(WORK TO BE COMPLETED) Begin with the line below holding "3800 Galt Ocean" and go on through the line holding "KITLV - 30206", duplicating each line exactly and leaving out pictures.

(SOURCE MATERIAL)

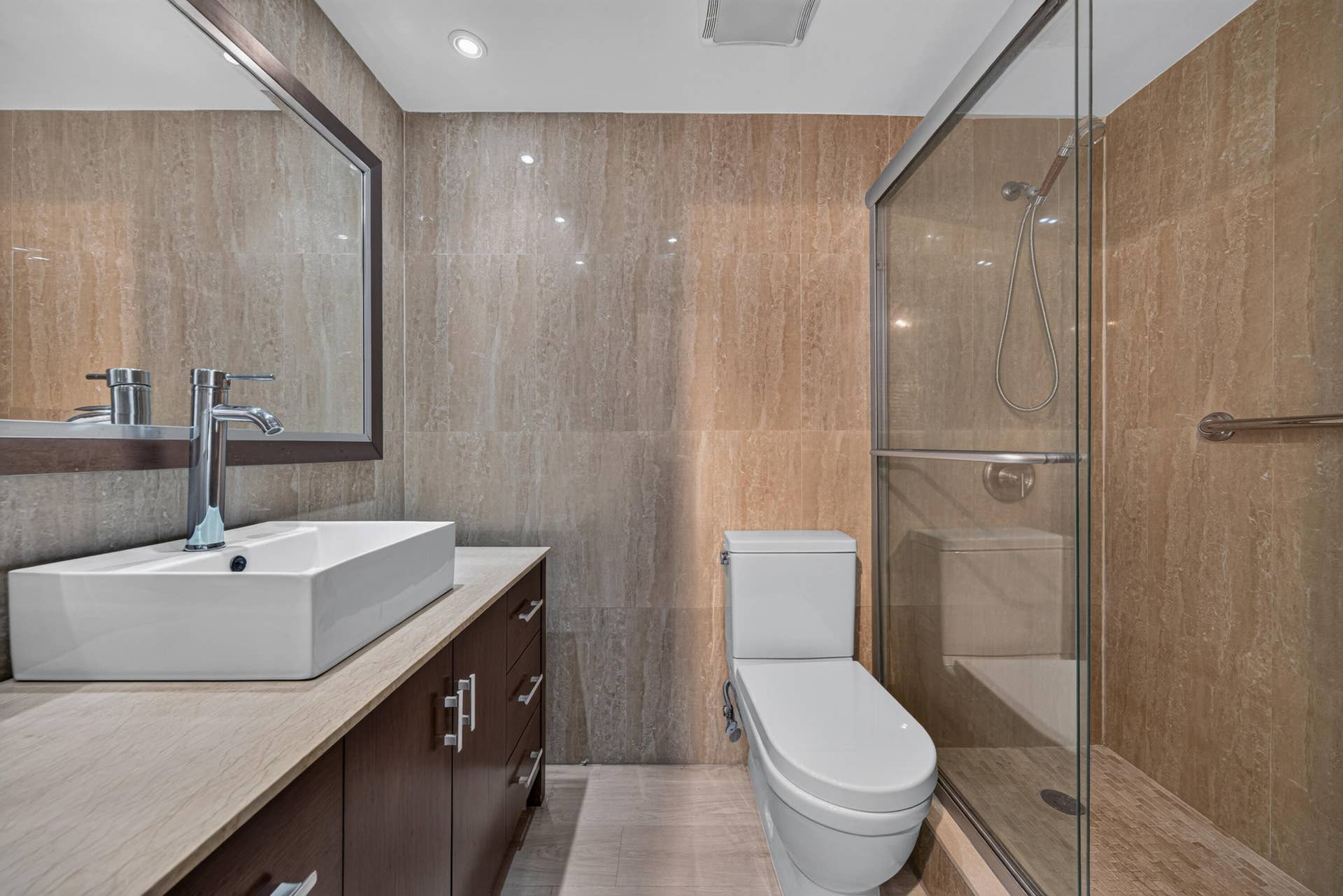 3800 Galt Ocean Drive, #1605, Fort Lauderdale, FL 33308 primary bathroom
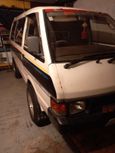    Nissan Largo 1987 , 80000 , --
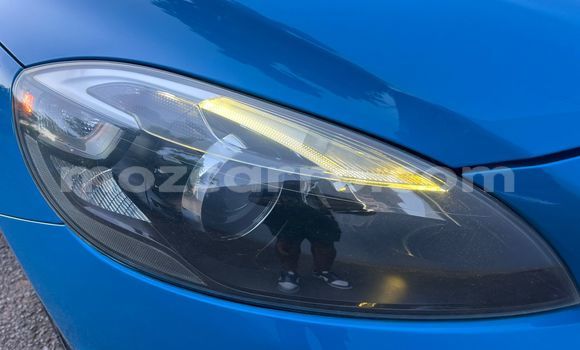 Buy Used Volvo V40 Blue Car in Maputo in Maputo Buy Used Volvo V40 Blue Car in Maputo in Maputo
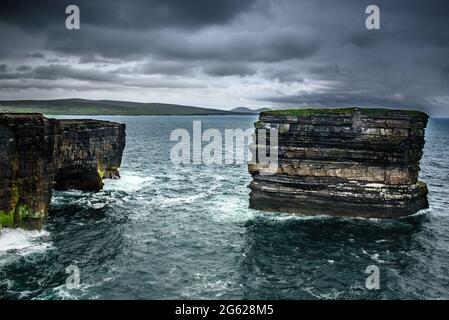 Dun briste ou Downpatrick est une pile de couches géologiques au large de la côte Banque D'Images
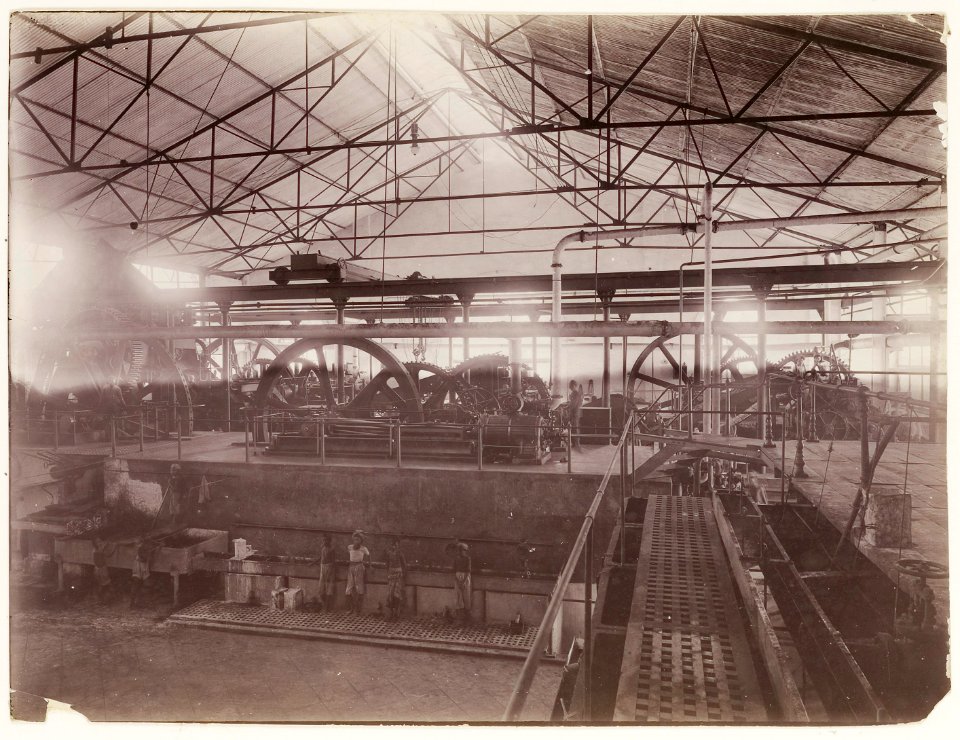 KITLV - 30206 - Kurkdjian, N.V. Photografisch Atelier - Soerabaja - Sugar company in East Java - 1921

---

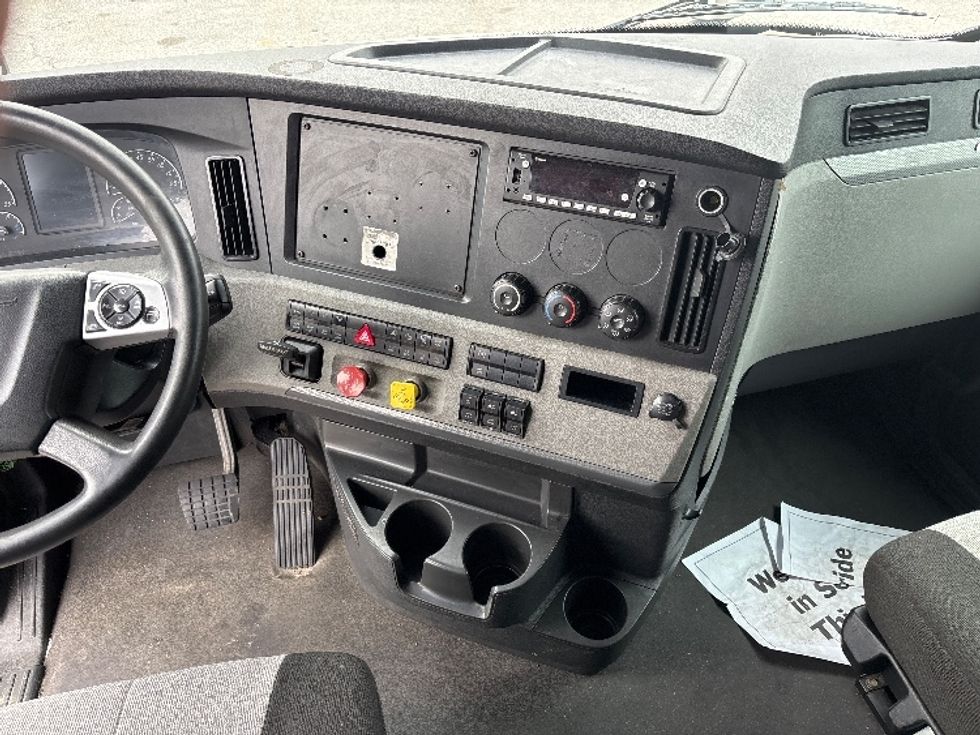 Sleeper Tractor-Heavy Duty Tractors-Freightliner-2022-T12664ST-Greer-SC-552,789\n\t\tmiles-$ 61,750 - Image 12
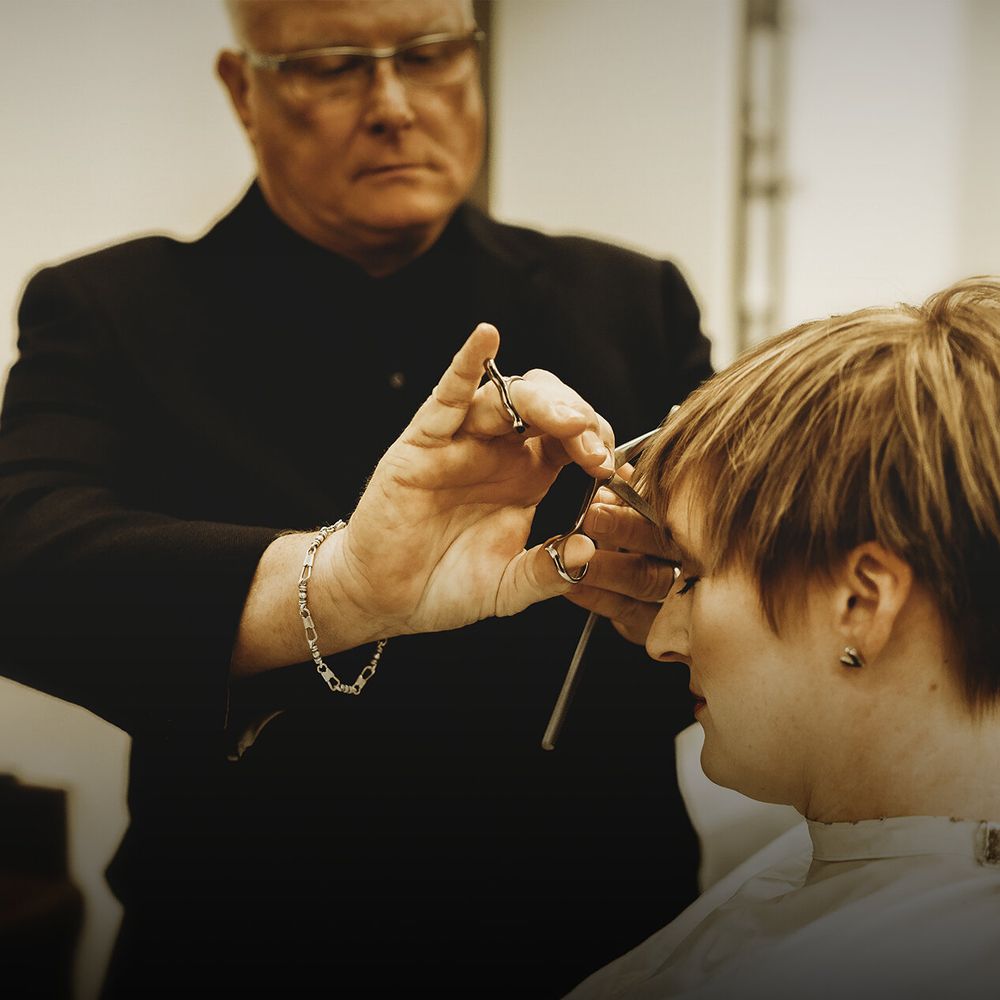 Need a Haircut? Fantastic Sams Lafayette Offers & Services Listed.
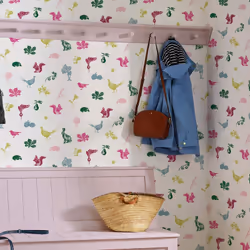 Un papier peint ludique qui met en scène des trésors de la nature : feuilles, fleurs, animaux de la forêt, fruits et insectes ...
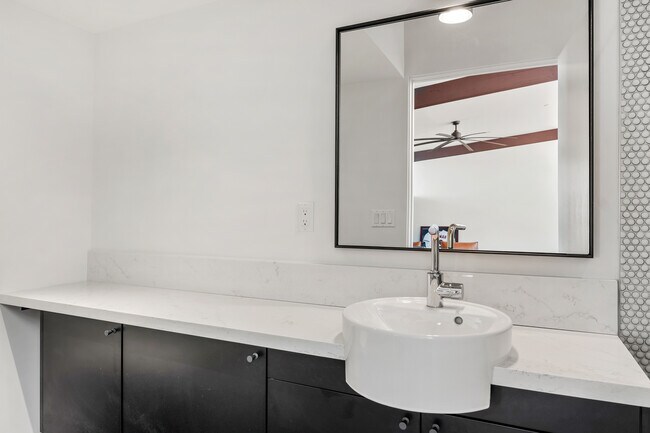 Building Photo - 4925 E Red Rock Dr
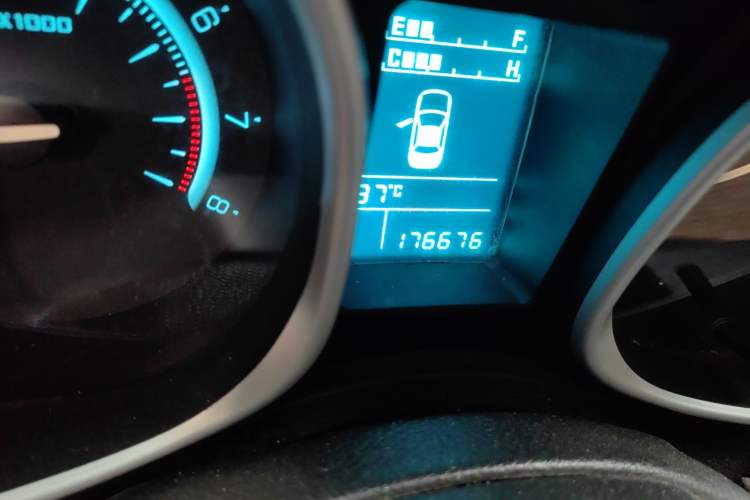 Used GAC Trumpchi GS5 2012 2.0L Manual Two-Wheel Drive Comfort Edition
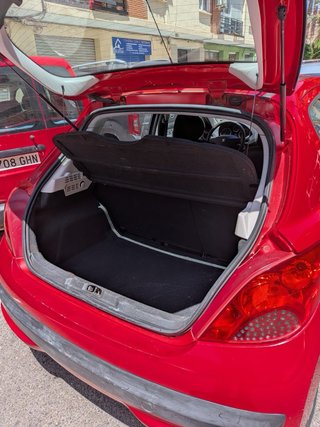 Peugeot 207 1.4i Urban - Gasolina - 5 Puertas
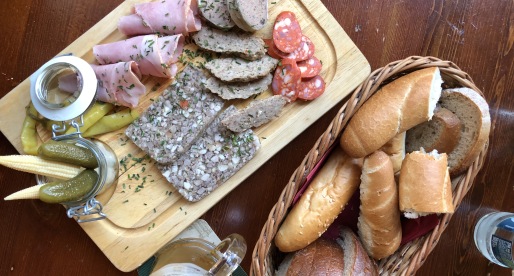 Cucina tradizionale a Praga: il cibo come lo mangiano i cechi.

* * *

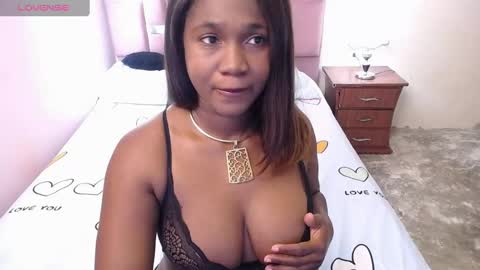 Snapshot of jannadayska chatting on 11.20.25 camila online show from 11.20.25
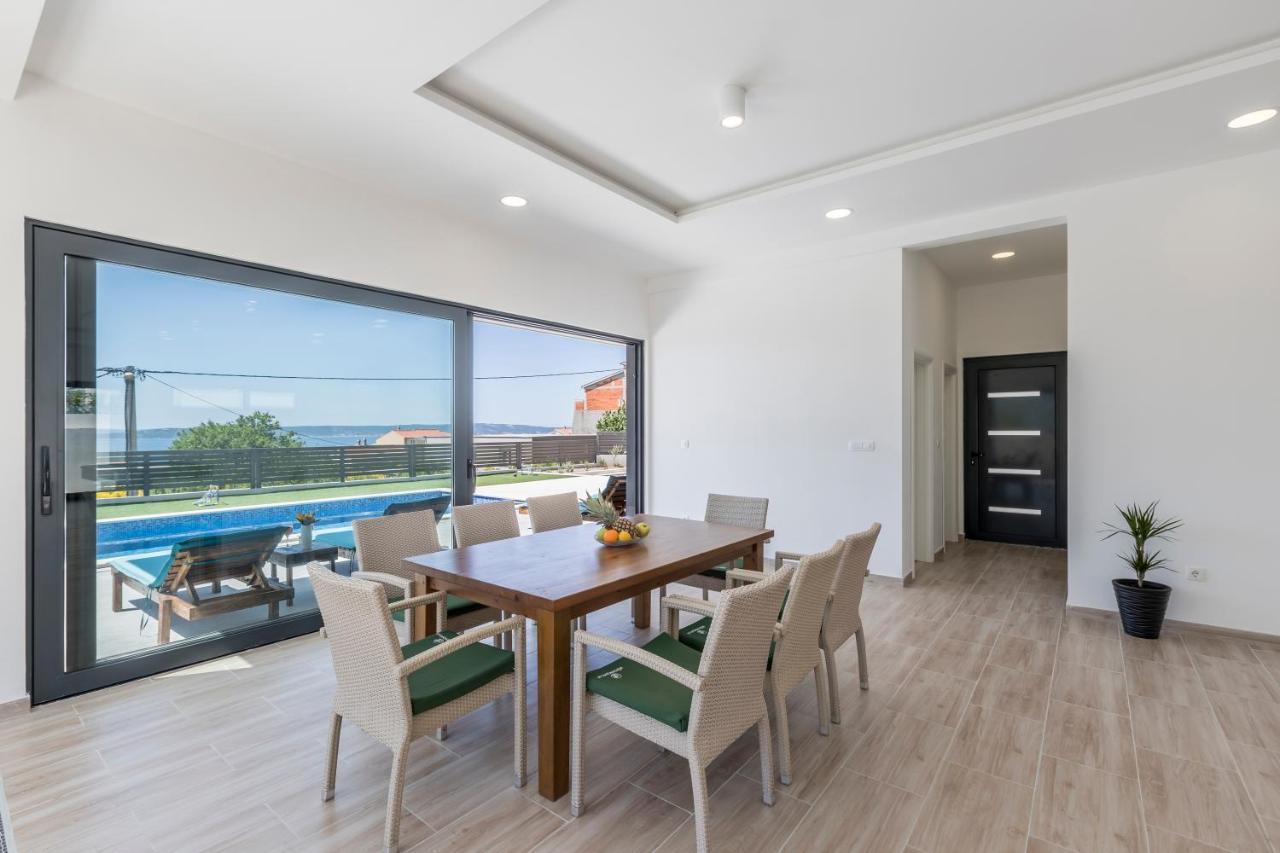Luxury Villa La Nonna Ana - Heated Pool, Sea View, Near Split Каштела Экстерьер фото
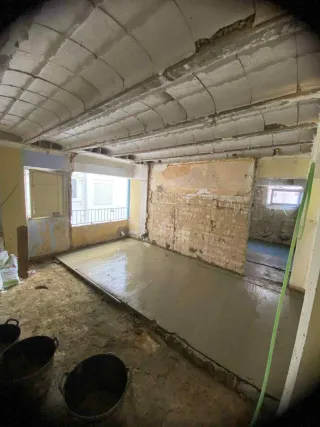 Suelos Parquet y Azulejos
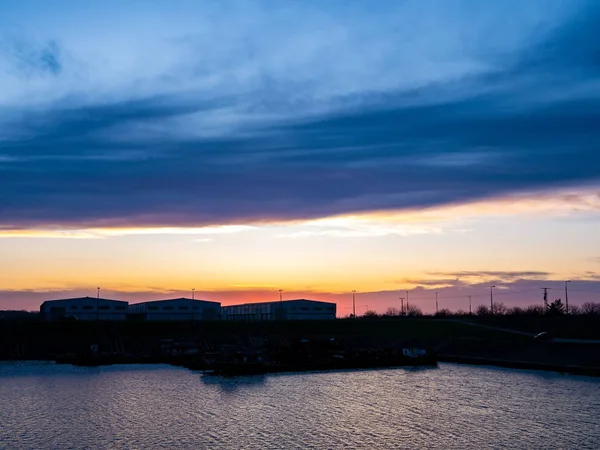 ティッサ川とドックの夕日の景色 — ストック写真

(TASK OUTPUT)
 3800 Galt Ocean Drive, #1605, Fort Lauderdale, FL 33308 primary bathroom
    Nissan Largo 1987 , 80000 , --
 Buy Used Volvo V40 Blue Car in Maputo in Maputo Buy Used Volvo V40 Blue Car in Maputo in Maputo
 Dun briste ou Downpatrick est une pile de couches géologiques au large de la côte Banque D'Images
 KITLV - 30206 - Kurkdjian, N.V. Photografisch Atelier - Soerabaja - Sugar company in East Java - 1921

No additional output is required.